# REQUIRED ACTION
In the material below, find the line containing "Guess Resistance Blaues" and the line containing "Light in the", then reproduce exactly both of them and every line between, and nothing else.

# PROVIDED RECORDS
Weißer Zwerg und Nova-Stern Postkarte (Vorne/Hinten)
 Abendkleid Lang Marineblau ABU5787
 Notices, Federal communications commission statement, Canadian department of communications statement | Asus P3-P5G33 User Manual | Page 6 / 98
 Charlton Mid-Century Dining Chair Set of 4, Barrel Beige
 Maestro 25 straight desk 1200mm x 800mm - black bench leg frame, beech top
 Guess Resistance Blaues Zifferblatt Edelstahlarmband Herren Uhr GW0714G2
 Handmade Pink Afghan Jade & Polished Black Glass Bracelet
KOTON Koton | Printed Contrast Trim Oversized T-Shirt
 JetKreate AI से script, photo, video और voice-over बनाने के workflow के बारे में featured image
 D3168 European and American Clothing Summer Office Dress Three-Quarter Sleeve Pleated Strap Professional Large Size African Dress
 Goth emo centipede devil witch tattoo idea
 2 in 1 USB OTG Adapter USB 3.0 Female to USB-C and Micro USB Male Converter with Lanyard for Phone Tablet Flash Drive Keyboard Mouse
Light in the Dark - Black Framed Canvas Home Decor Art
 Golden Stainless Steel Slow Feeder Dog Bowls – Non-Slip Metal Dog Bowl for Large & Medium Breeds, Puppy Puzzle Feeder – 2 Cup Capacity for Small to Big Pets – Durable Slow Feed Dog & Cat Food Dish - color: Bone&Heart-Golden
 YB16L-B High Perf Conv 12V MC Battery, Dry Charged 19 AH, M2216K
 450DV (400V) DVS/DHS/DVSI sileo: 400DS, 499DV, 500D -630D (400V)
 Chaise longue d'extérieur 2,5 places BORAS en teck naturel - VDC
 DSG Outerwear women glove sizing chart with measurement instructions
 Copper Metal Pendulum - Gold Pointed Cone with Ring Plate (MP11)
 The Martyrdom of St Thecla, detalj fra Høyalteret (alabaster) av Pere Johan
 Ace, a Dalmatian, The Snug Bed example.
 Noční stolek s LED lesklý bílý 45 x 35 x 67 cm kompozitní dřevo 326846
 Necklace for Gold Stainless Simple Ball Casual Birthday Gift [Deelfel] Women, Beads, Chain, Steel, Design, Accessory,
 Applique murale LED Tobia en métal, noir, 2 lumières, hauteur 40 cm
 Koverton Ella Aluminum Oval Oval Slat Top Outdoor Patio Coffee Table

# TASK RESPONSE
 Guess Resistance Blaues Zifferblatt Edelstahlarmband Herren Uhr GW0714G2
 Handmade Pink Afghan Jade & Polished Black Glass Bracelet
KOTON Koton | Printed Contrast Trim Oversized T-Shirt
 JetKreate AI से script, photo, video और voice-over बनाने के workflow के बारे में featured image
 D3168 European and American Clothing Summer Office Dress Three-Quarter Sleeve Pleated Strap Professional Large Size African Dress
 Goth emo centipede devil witch tattoo idea
 2 in 1 USB OTG Adapter USB 3.0 Female to USB-C and Micro USB Male Converter with Lanyard for Phone Tablet Flash Drive Keyboard Mouse
Light in the Dark - Black Framed Canvas Home Decor Art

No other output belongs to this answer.